After this patch, we cannot set table_open_cache = 200000 ! The server crashes with "mysqld got signal 6 ;" or out of memory (before patch, there was >10 GB system-cache). We currently run table_open_cache = 50000 and all is fine (only 2 GB system-cache). There is no memleak, simple that new hash-construct use many ram (not exactly proved).

Is there a plan to release a version soon, which help in our scenario?
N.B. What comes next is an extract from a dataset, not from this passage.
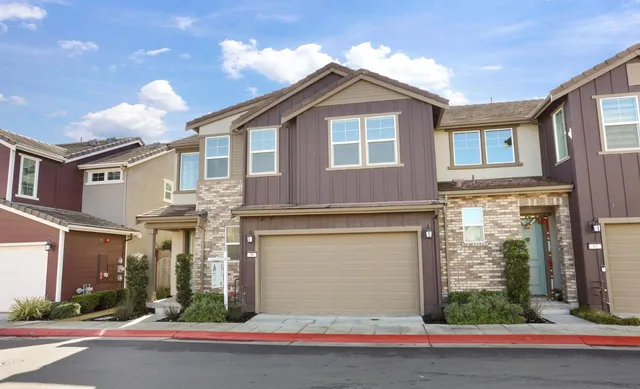 $789,000 | 98 East Calder Drive, Mountain House, CA 95391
The list-approach dont work for us!
[27 May 2015 14:49] Mattias Jonsson
Posted by developer:
 
A new patch based on WL#4305 is proposed in rb#8811. (changeset not removed since it gives some history).
[10 Aug 2015 10:35] Murthy Sidagam
Posted by developer:
 
old rb#8811 is owned by Mattias and I cannot update the rb with new patch(which has fix for memory leak issue).
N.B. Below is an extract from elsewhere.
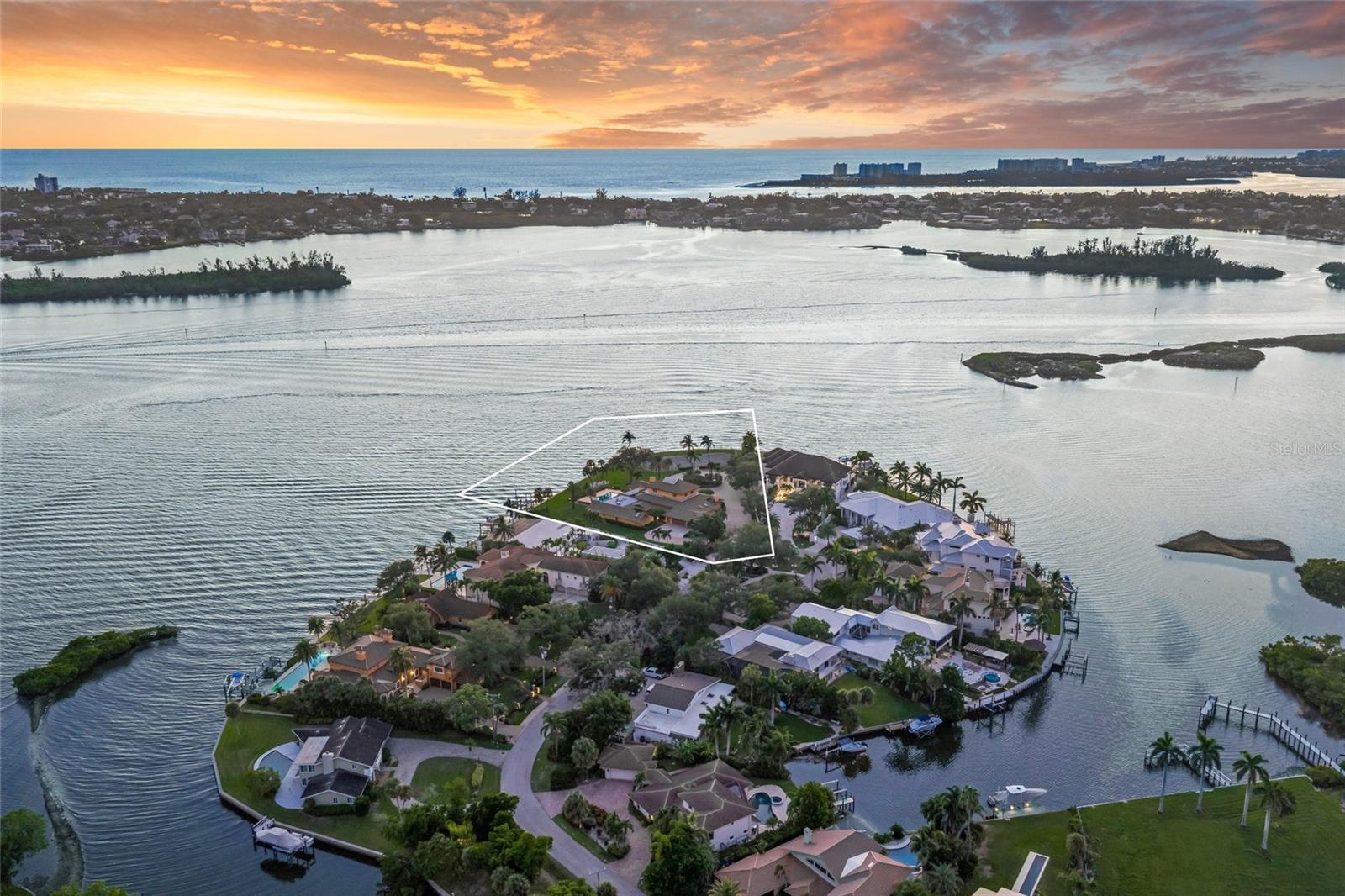 1136 N Lake Shore Dr, Sarasota, FL 34231 — photo 54 of 75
Hence I have uploaded new patch under rb#9874
[28 Aug 2015 13:47] Paul DuBois
Noted in 5.7.9, 5.8.0 changelogs.

As the number of open MyISAM tables increased, lookups to check
whether a table was open became expensive, particularly when the
table was not open. Lookup performance has been improved, with the
overhead reduction especially beneficial for selects on large number
of tables with large values of table_open_cache and
table_definition_cache.